Photo by David Andrako
From the very beginning of this four-part composition for various percussion instruments and electronics, it was clear that this wasn’t Dan Deacon as usual. A total of eight unopened soda bottles of varying colors and sizes were suspended from a rig and mic’d. The sound of striking the bottles with mallets was then processed through Deacon’s electronics, which resulted in something vaguely resembling gamelan music. In the second movement, the decidedly Asian aesthetic continued with raucous drumming reminiscent of the taiko ensembles of Japan, as Deacon blazed a pentatonic scale-based melody in the electronics.
If I were asked to surmise which group of people was challenged to expand the palette of their musical tastes more–indie fans predisposed to Deacon’s idiosyncratic electro-pop, or listeners partial to the avant-garde “new music” of the contemporary classical world–I would have to say the former. Particularly in the third section of the piece, which consisted largely of the soda bottles slowly emptying into large plastic bins, and the accompanying ambient hiss of the liquid draining from the containers, the restlessness of the audience was palpable, and in the case of one listener who asked aloud, incredulously, “Are you serious?”–audible. The fourth movement, which consisted of melodic percussion, did not begin until the soda stopped leaking from all of the bottles. This sense of pacing required a patience I would venture to say most audience members–especially those accustomed to the instant accessibility of Deacon’s solo electronic work–were not prepared to exhibit.
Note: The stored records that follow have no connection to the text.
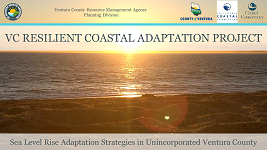 Sunset over the ocean for VC Resilient Coastal Adaptation Project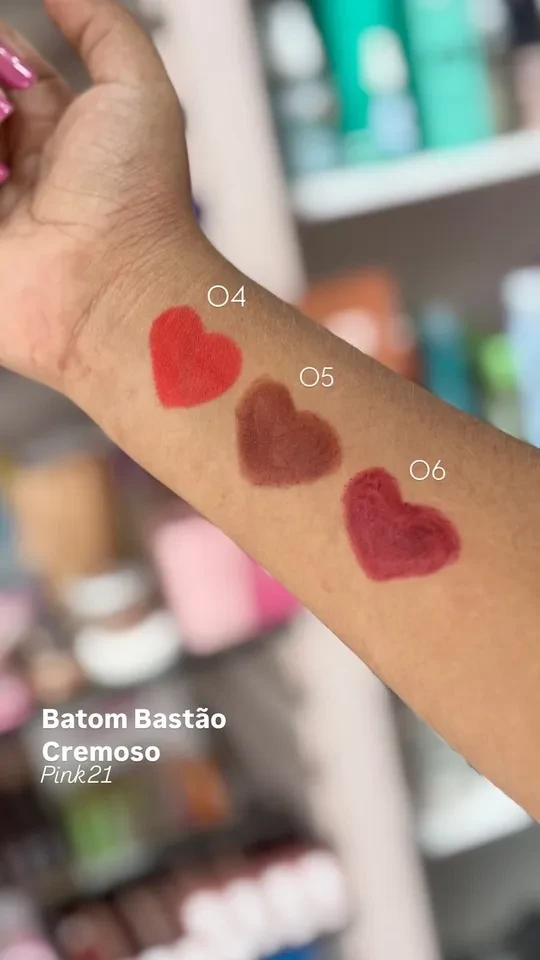 Batom em bastão - PINK 21  - 4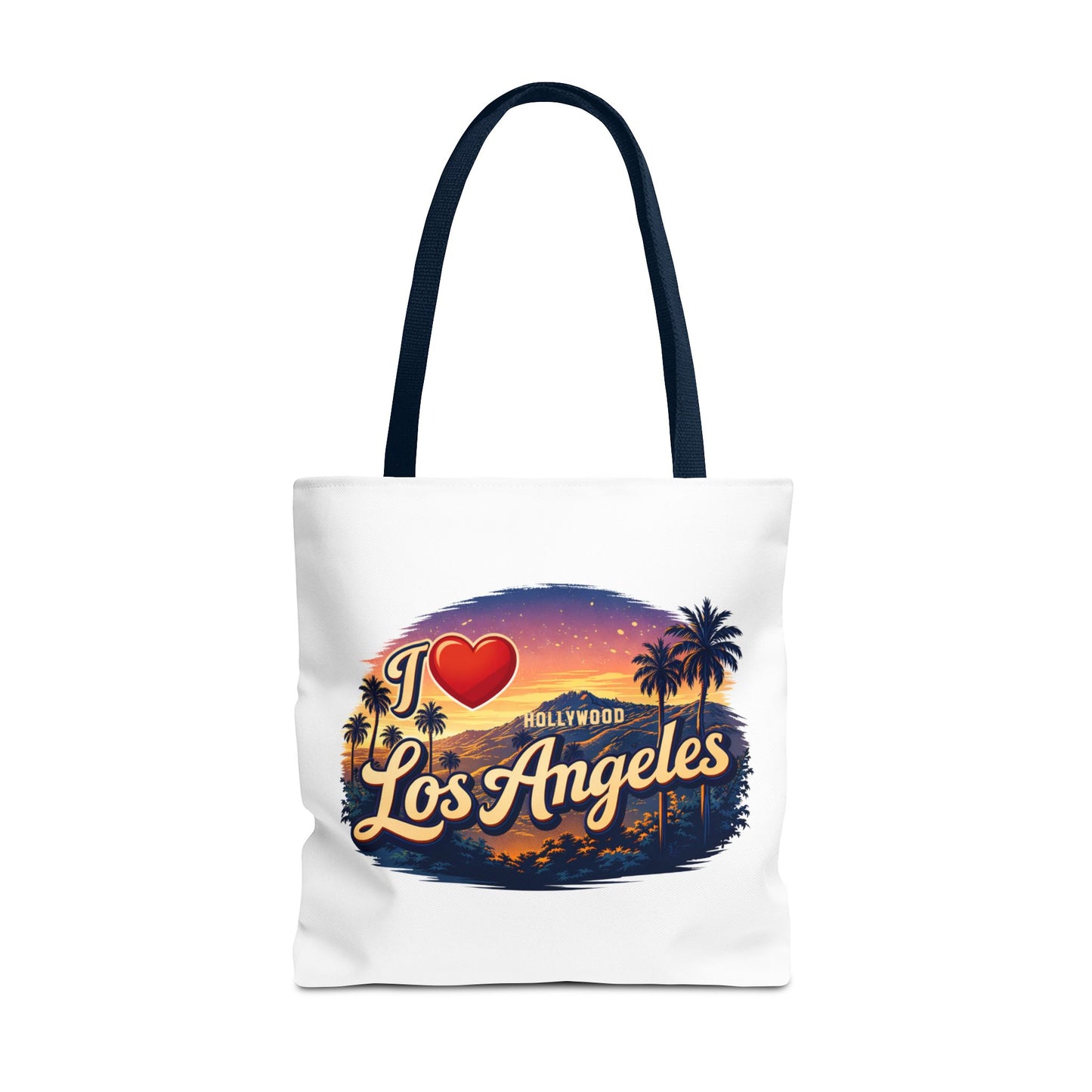 I  Los Angeles Tote Bag – Retro Sunset Hollywood Palm Tree Beach Souvenir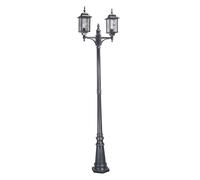 Candelabre Élégant 228,5Cm De Haut Vintage Lampadaire De Rue Jardin THOMPSON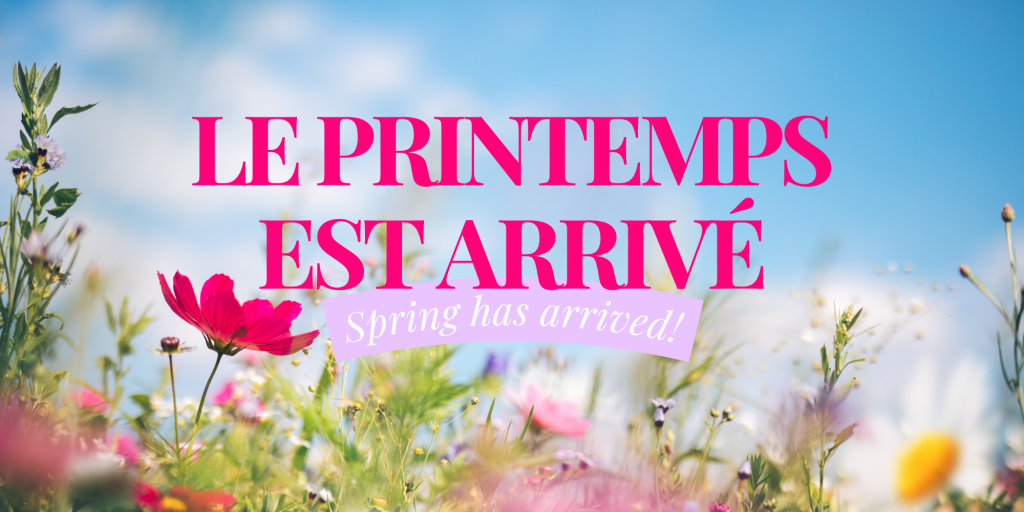 C&rsquo;est enfin le printemps !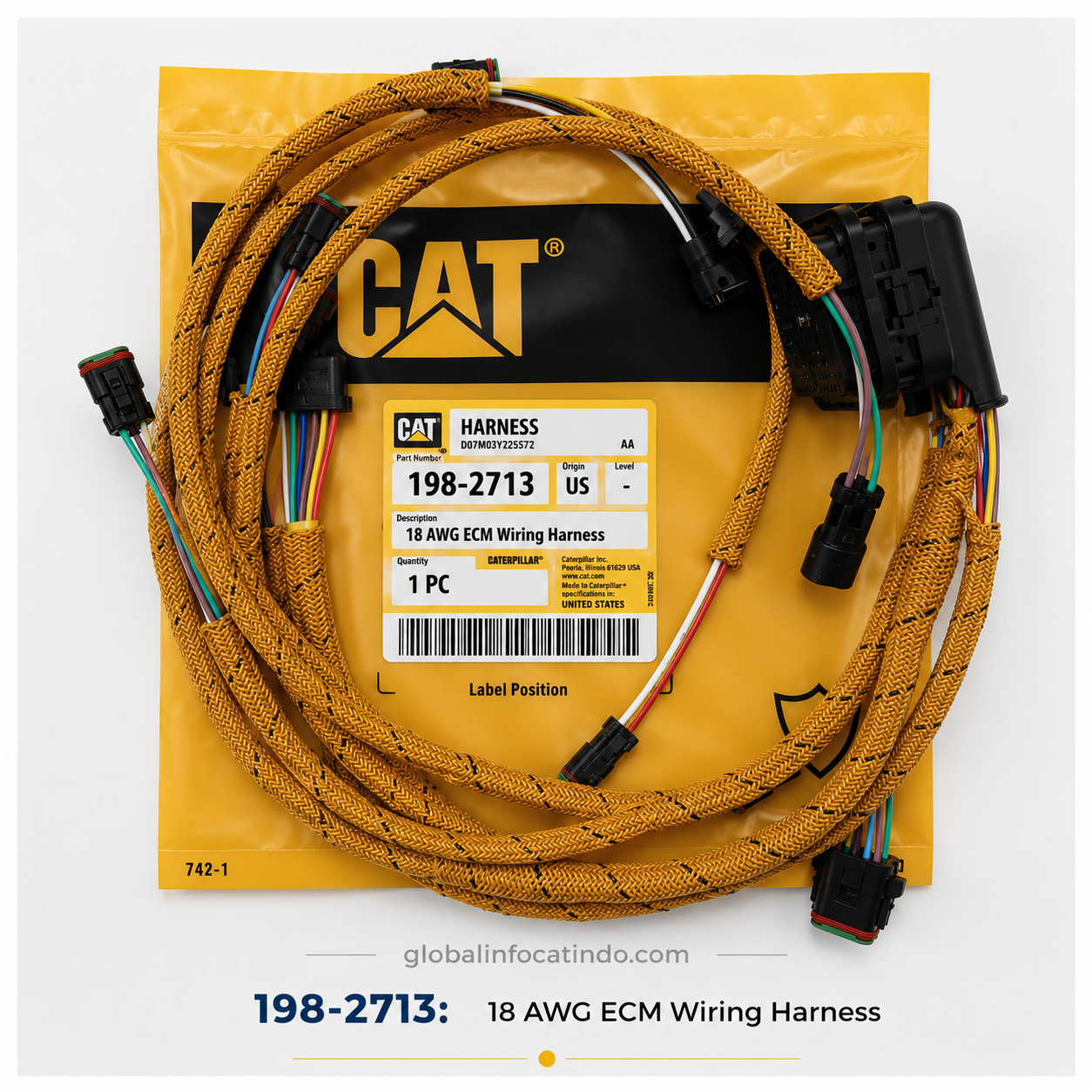 198-2713 Harness Engine C7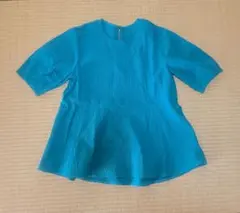 (新品)ターコイズ 半袖フレアTシャツのサムネイル
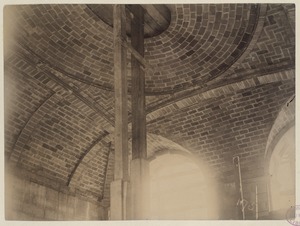 Ceiling of the Boylston Street entrance, construction of the McKim Building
Dan Deacon with So Percussion; photo by David Andrako
While the distinct, one-of-a-kind quality of the performance can’t be denied, Ghostbuster Cook at times felt like a piece being workshopped as opposed to a finalized work. This feeling was accentuated by the somewhat simplistic approach to the instrumentation: two sections devoted to the aforementioned bottles, another devoted largely to drums, and still another to vibraphones, bells, and xylophones. That caveat notwithstanding, The Origin of the Riddler is a story I’d love to hear again, and its genre-less musical nature was ideally suited to the ethos of the Ecstatic Music Festival. The complete performance of the new work can be seen here, courtesy of Guy Werner:
The festival’s first week closed with the first complete performance of Jefferson Friedman’s multi-song work On in Love, featuring vocalist Craig Wedren and the chamber group ACME (American Contemporary Music Ensemble). This collection of songs, lacking an overarching narrative or thematic thread that would qualify it as a song cycle, exists simply as an album of songs. The music is at once modern rock and contemporary classical, and yet neither of those things.
ACME with vocalist Craig Wedren; photo by David Andrako
The first song of the collection, “Warz,” was sonically dense, with the strings bathed in distortion and possessing an indefatigable intensity. A dreamlike aura inhabited the collective timbre of the ensemble throughout. Wedren’s supremely controlled, pop-inflected vocal delivery–with its engrossing balance of power and delicacy–belied the complex melodic phrases that embedded themselves within the harmonic framework even while moving freely within it. Composer Jefferson Friedman envisions On in Love as a “record,” and accordingly, it will be exceedingly interesting to hear how the piece translates in its ideal setting–the recording.
If Ecstatic’s first few concerts are any indication, this festival will be too engaging, too thought-provoking, and too musically compelling to pass up.